If it smells way too complicated, it probably is.
I’m not saying Knuth didn’t have a good point. He did. But the “premature optimization is the root of all evil” pop-culture and witty statement is not a license to ignore performance altogether. It’s not justification to be sloppy about writing code. Proactive attention to performance is priceless, especially for certain kinds of product- and systems-level software.
My hope is that this article has helped to instill a better sense, or reinforce an existing good sense, for what matters, where it matters, and why it matters when it comes to performance. Before you write a line of code, you really need to have a budget for what you can afford; and, as you write your code, you must know what that code costs, and keep a constant mental tally of how much of that budget has been spent. Don’t exceed the budget, and most certainly do not ignore it and just hope that wishful thinking will save your behind.

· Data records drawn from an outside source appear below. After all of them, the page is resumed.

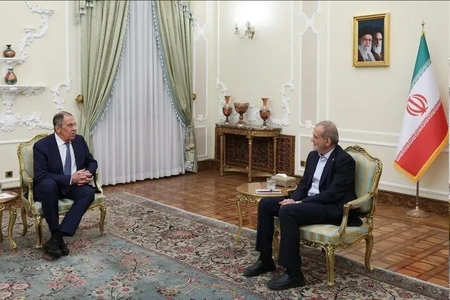 ایران و روسیه بر توسعه همکاری‌های دوجانبه تاکید کردند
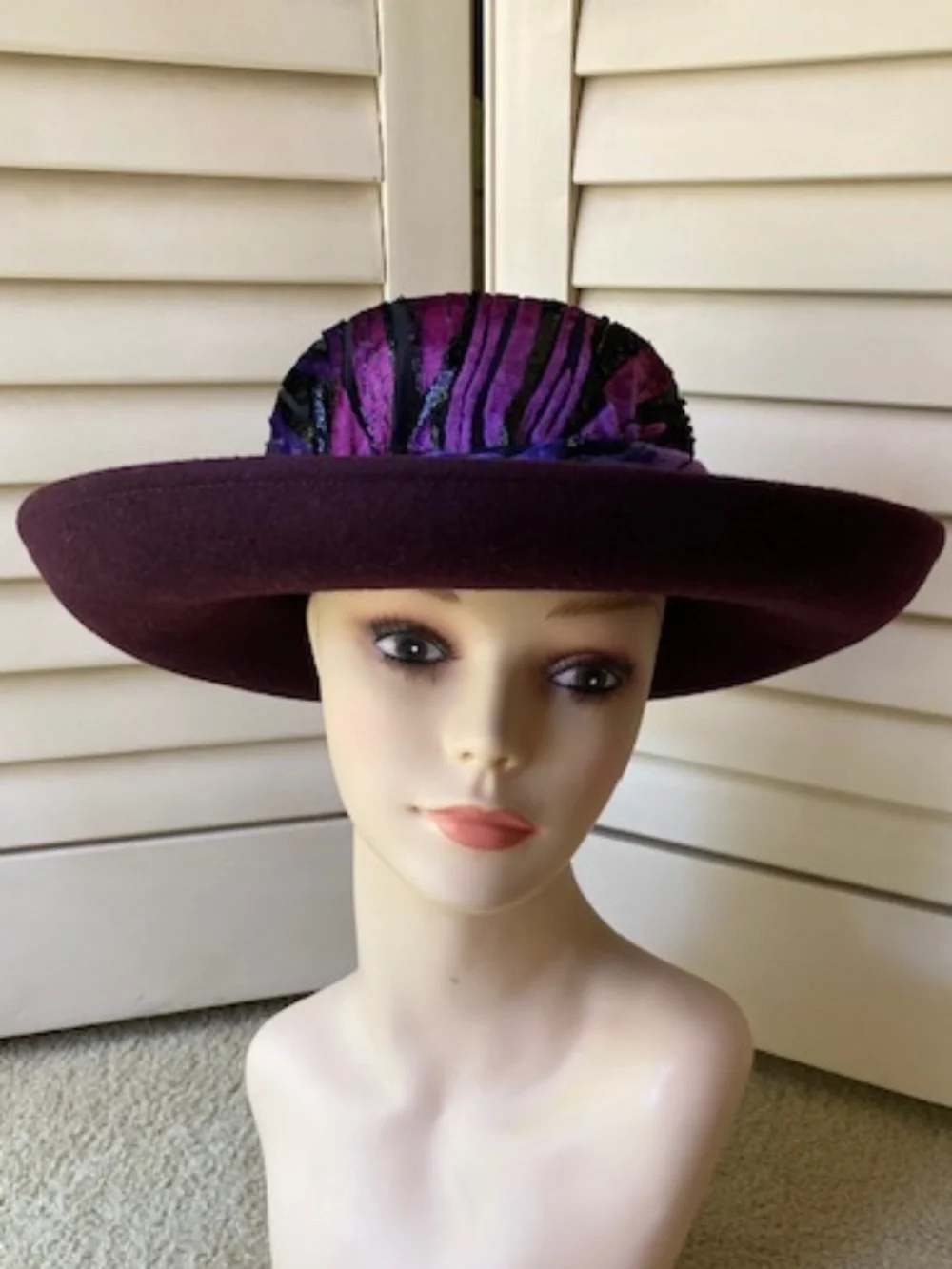 Wool Felt Hat - Picture 9 of 15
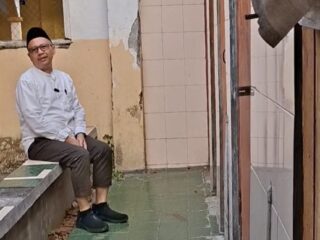 Nur Purnamasidi Bantu Sekolah Rusak di Lumajang Gunakan Dana Pribadi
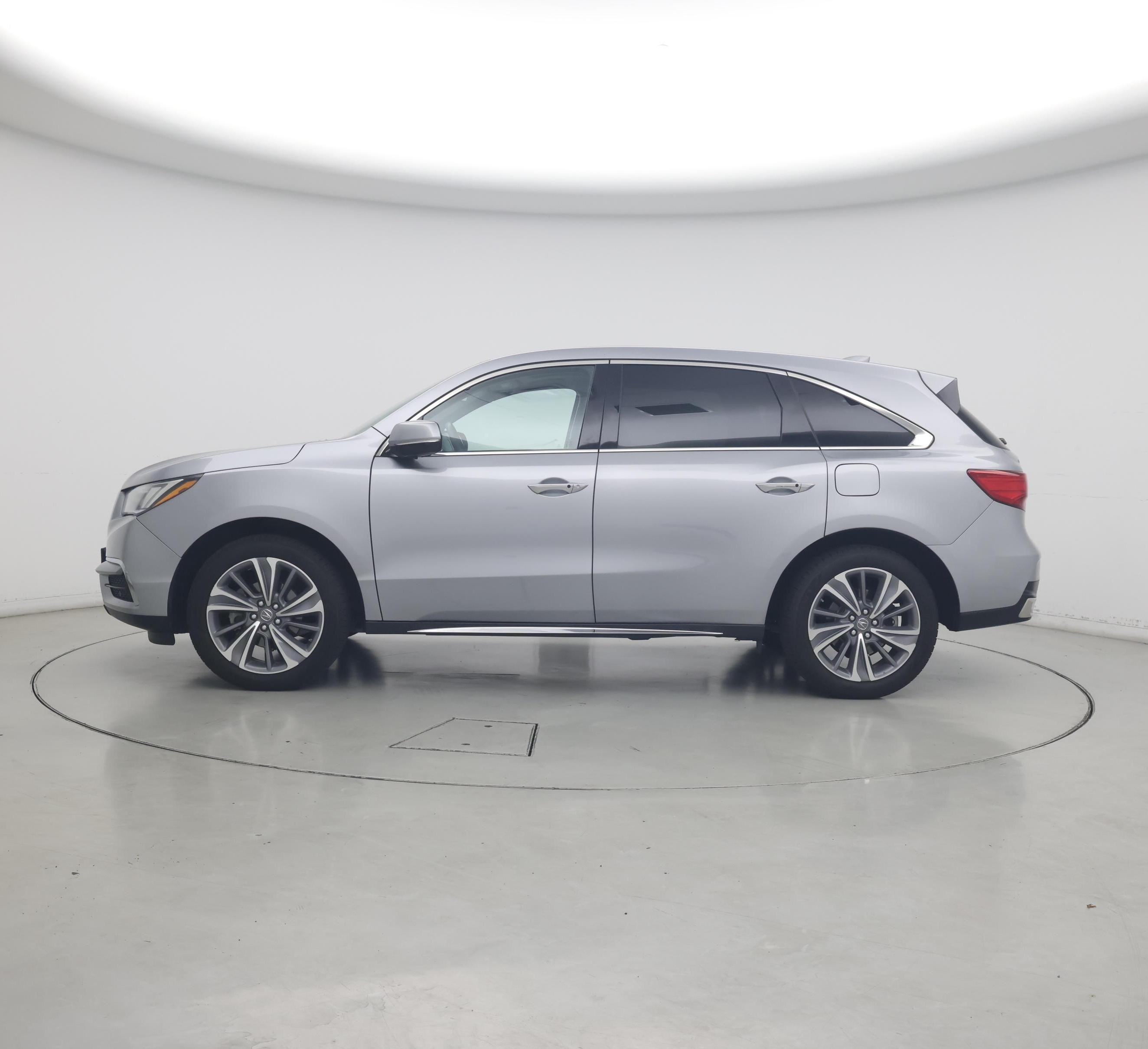 Thumbnail: 2017 Acura MDX - 3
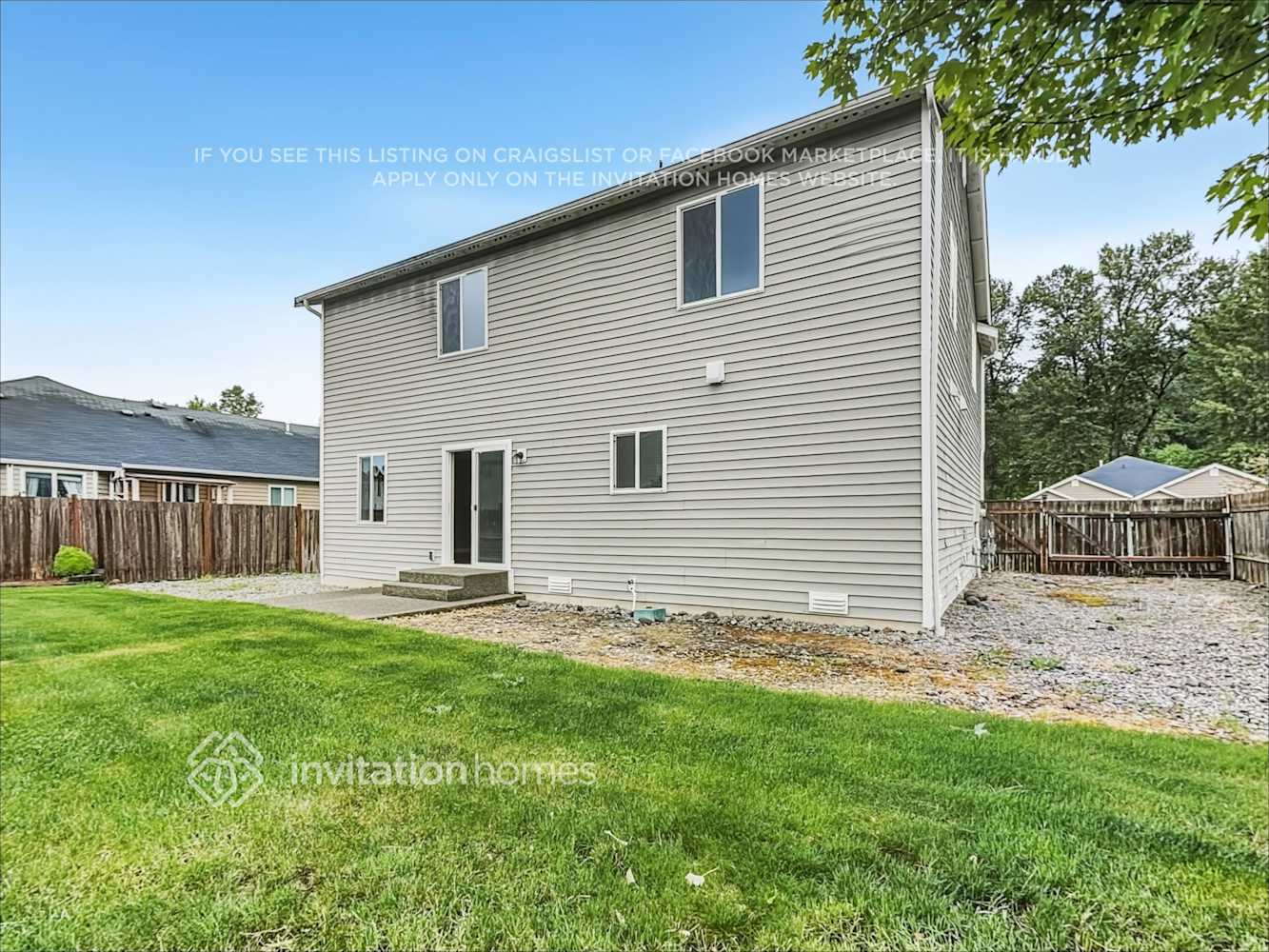 Building Photo - 1319 Daffodil Ave NE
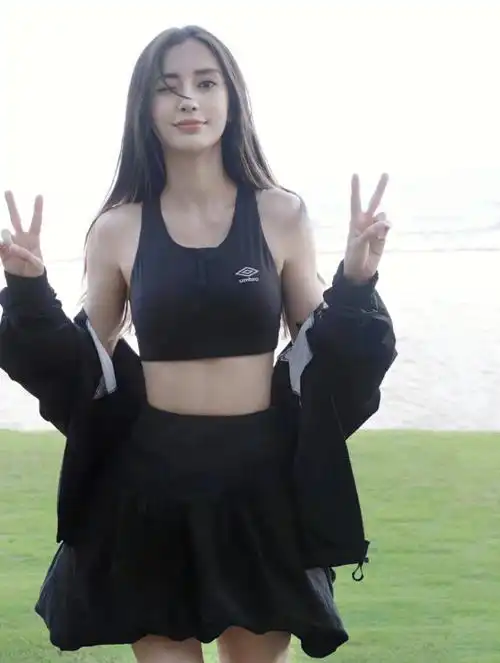 杨颖angelababy今日份美女运动穿搭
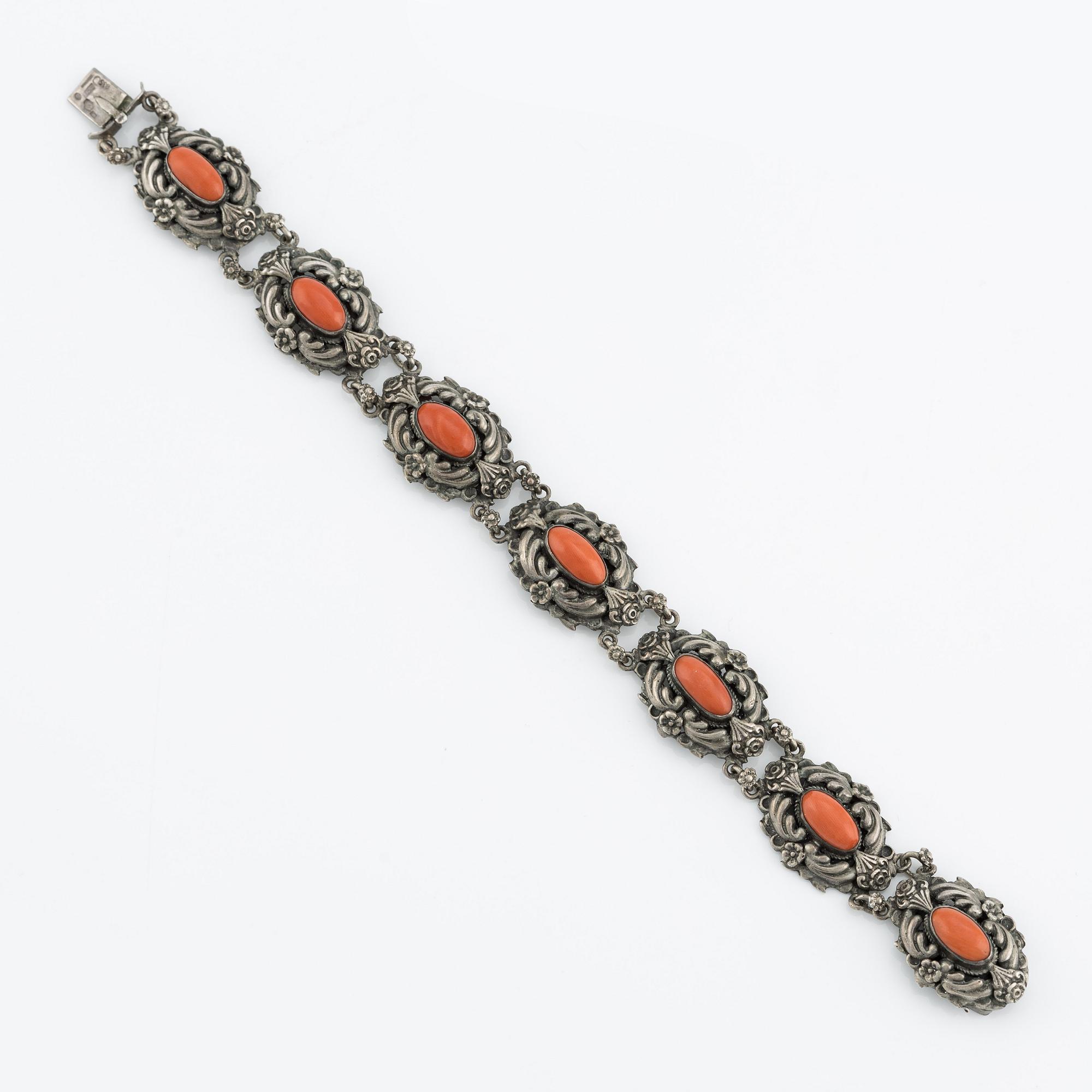 Armband, silver med korall, Ungern.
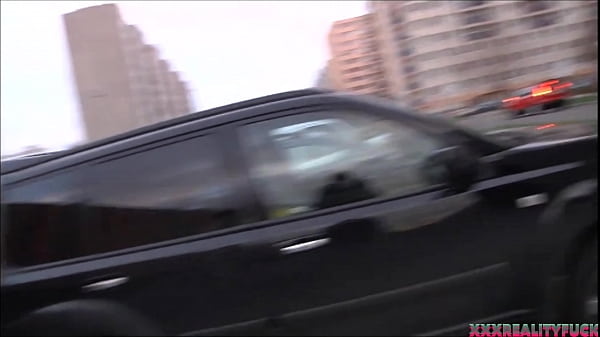 Опытная милфа присоединилась к паре для тройничка в любительском видео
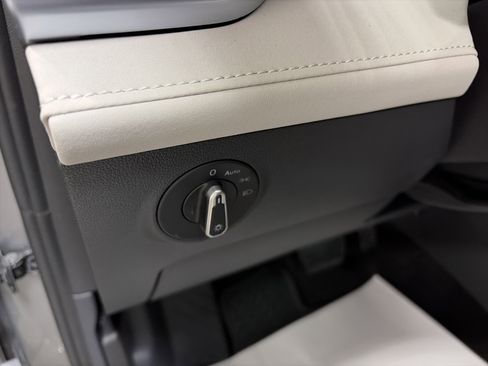 New 2026 Volkswagen Taos SE image 16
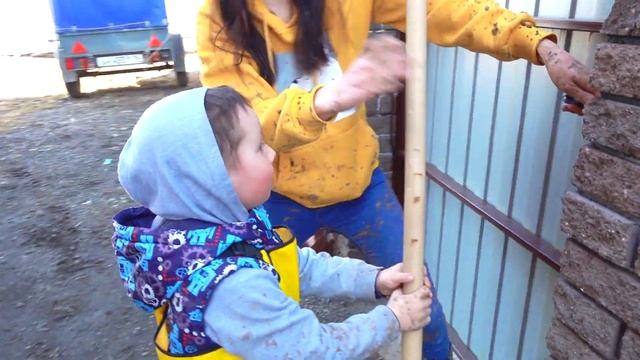 СИРЕНОГОЛОВЫЙ В РЕАЛЬНОЙ ЖИЗНИ на ферме. Камиль и квадроцикл смотреть онлайн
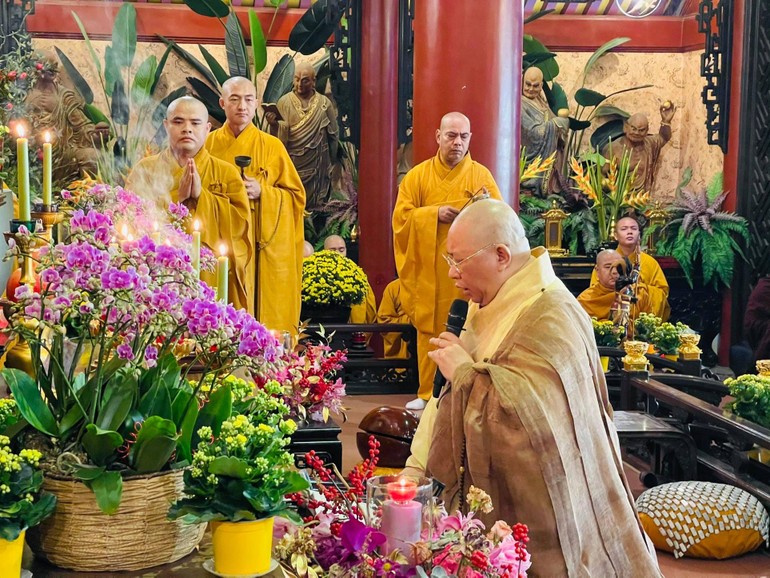 Chư Tăng chùa Viên Giác sẽ trì tụng kinh trong pháp hội Dược Sư, không tổ chức cho Phật tử
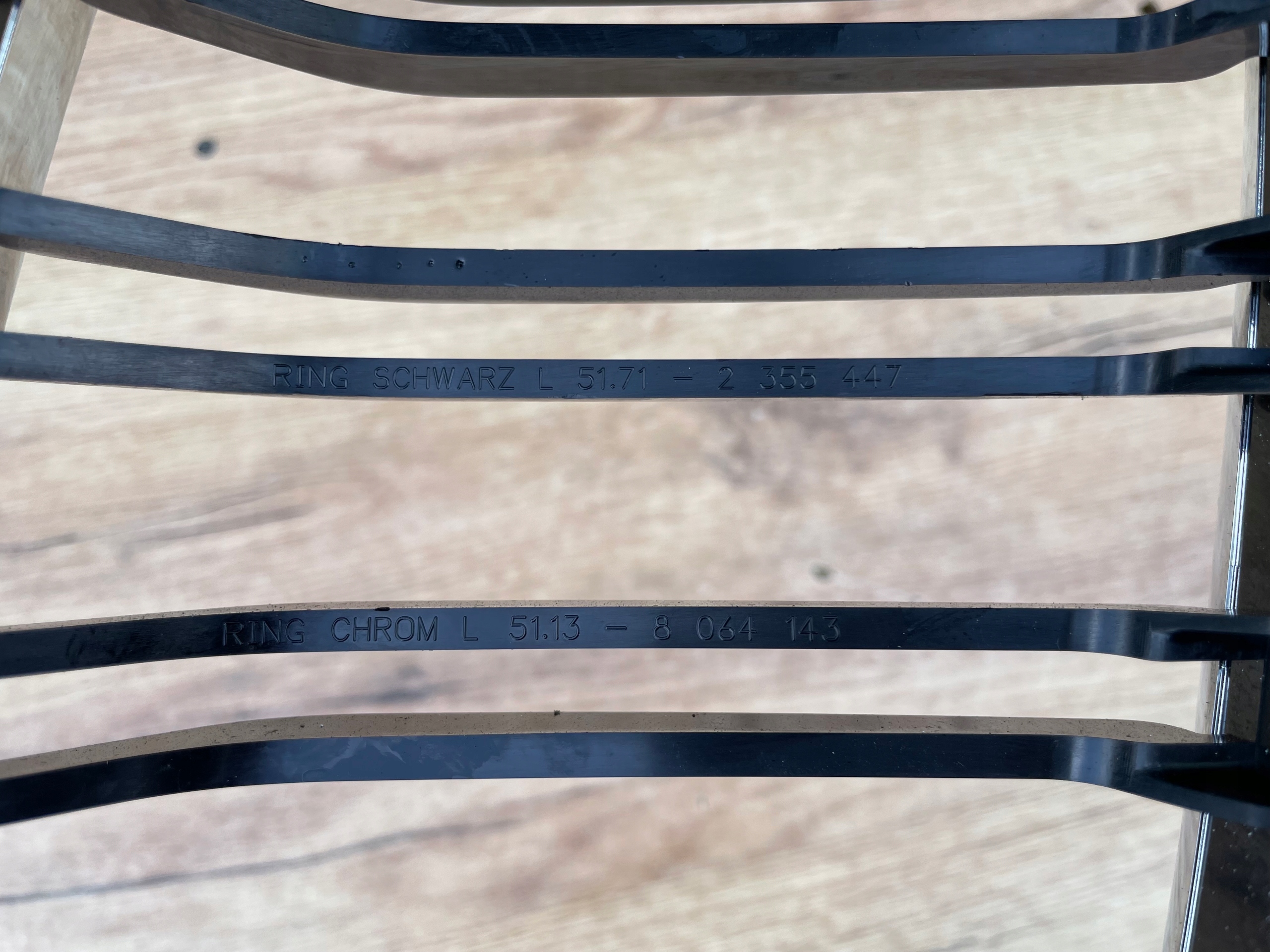 kidney grille grille radiator left 2355447 8064143 BMW M2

Building up this debt will cost you down the road, I promise. And ultimately, test-driven development works for performance too; you will at least know right away once you have exceeded your budget.
Think about worst case performance. It’s not the only thing that matters, but particularly when the best and worst case differ by an order of magnitude, you will probably need to think more holistically about the composition of caller and callee while building a larger program out of constituent parts.
And lastly, the productivity and safety gains of managed code, thanks to nice abstractions, type- and memory-safety, and automatic memory management, do not have to come at the expense of performance. Indeed this is a stereotype that performance conscious programmers are in a position to break down. All you need to do is slow down and be thoughtful about each and every line of code you write. Remember, programming is as much engineering as it is an art. Measure, measure, measure; and, of course, be thoughtful, intentional, and responsible in crafting beautiful and performant code.